Il buon risultato dell’azione provinciale rispetto a quello regionale non può derivare soltanto da fattori di scala, magari appellandosi al principio di sussidiarietà, che presuppone che l’autonomia più grande si astenga dal trattare ogni problema che può essere affrontato da un’autonomia più piccola. Qualsiasi ordine stabilito una volta per tutte e privo della rete d’interazioni sopra accennata, tenderebbe a burocratizzarsi, come è accaduto per lo Stato prima e poi per la Regione. Solo un ordine flessibile e aperto alle sollecitazioni esterne può, con il suo continuo rinnovarsi, contrastare, con speranze di successo, la tendenza alla burocratizzazione e rispondere alle domande della società civile.

La realizzazione degli obiettivi programmatici: decentramento e semplificazione nelle procedure urbanistico/territoriali



Per le ragioni sopra accennate, obiettivo centrale della nuova Amministrazione regionale in materia urbanistico/territoriale consiste nella “rottura del modello gerarchico e centralistico che ha dominato, sin dall’inizio, il governo regionale del territorio in Puglia”.

Ci si propone dunque di “operare in discontinuità con questa tendenza all’accentramento delle competenze e delle decisioni”. Il ruolo che le Province potranno svolgere nell’ambito di questa politica è fondamentale.

L’idea è di assumere, con un orientamento di Giunta un corpo di indirizzi politico/amministrativi che guidino, nella prima parte del mandato, verso obiettivi di decentramento e semplificazione nelle procedure urbanistico/territoriali. Qualcosa di più, dunque, di quanto contenuto nel programma di mandato relativo alla materia: una vera e propria Dichiarazione di intenti, da strutturare e rendere operativa attraverso una serie di Accordi (ex art.30 del T.U. 267/2000), di cui di seguito si propone una bozza introdotta da una serie di osservazioni di merito (v. all. 1).

1. Perché è necessaria questa “discontinuità”?

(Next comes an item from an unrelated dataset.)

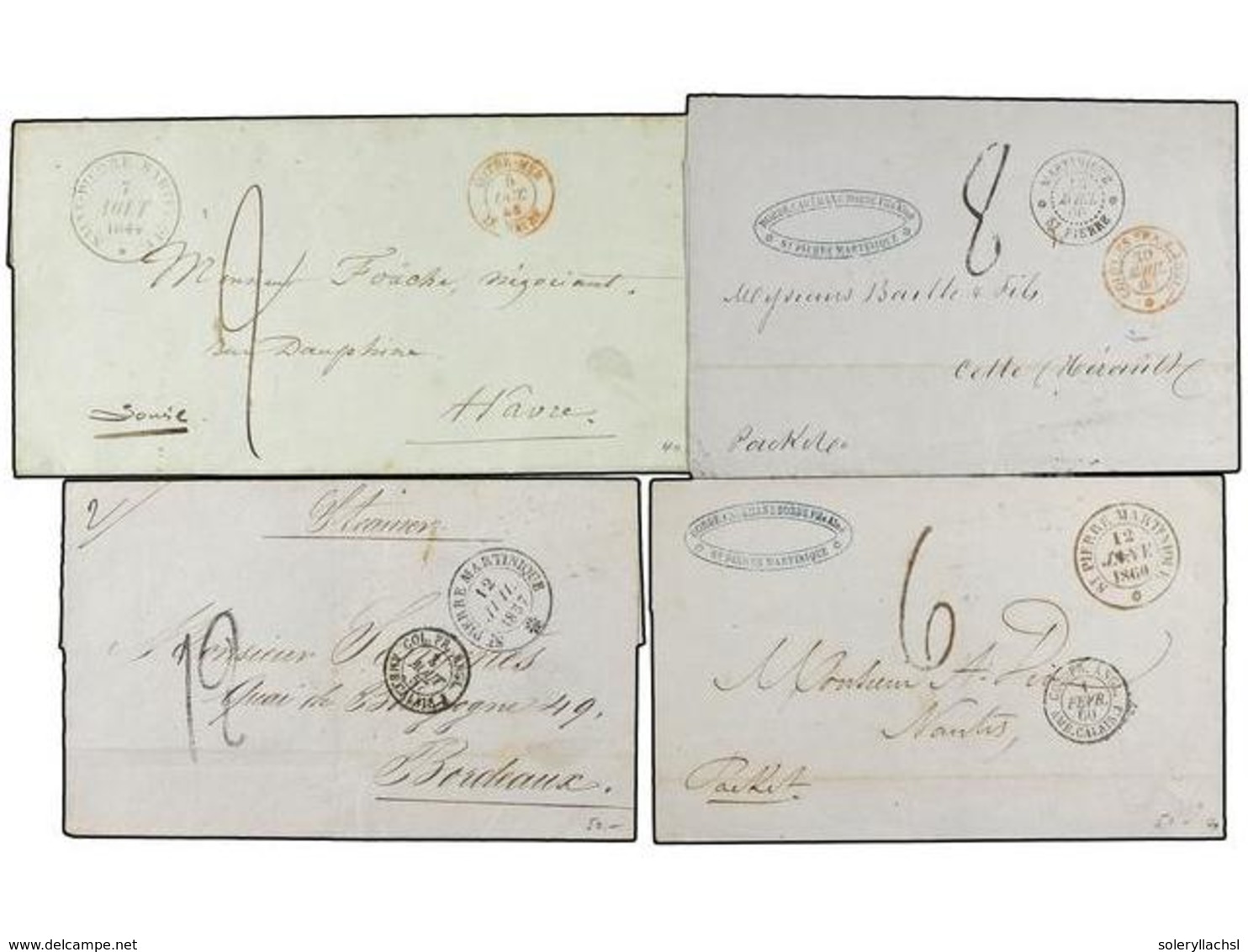 MARTINICA. 1844-66. Conjunto De 4 Cartas Circuladas De SAINT PIERRE A FRANCIA Con Fechadores,  ST. PIERRE MARTINIQUE  Di - Autres & Non Classés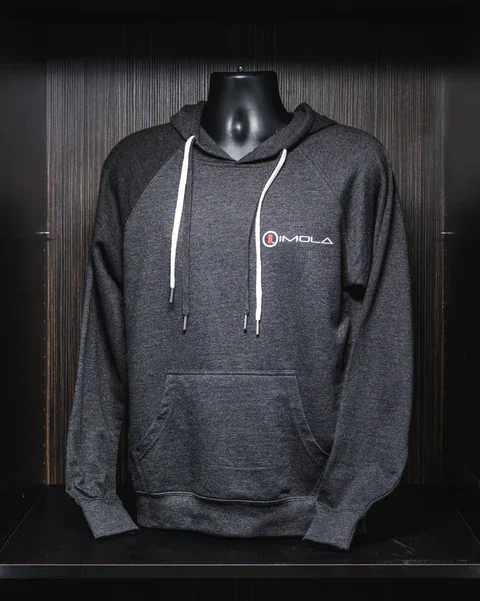 Imola Gray lightweight hoodie with logo, perfect for casual and sporty wear.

Non si tratta di semplice galateo istituzionale.

La percezione dominante dell’urbanistica nella società pugliese, associata non certo alla prospettiva di nuovi futuri desiderabili ma a un coacervo spesso contraddittorio di procedure ed atti amministrativi di esasperante lentezza, è sostanzialmente da imputare proprio a questa persistente posizione tecnico-politica centralistica ed alla visione tutta procedurale e burocratica del governo del territorio che la caratterizza.

All’origine di questa visione risiede la mancanza di qualsiasi efficace quadro di assetto generale ad ampia scala, espressione evidente della difficoltà di costruire scenari coerenti e condivisi di tutela e sviluppo del territorio regionale che consentano di delineare strategie di qualificazione delle risorse sociali ed ambientali. L’assenza di una visione generale, coerente e condivisa, impedisce a sua volta, in un circolo vizioso, di superare la dominante interpretazione regolativi e vincolistica delle funzioni di governo del territorio.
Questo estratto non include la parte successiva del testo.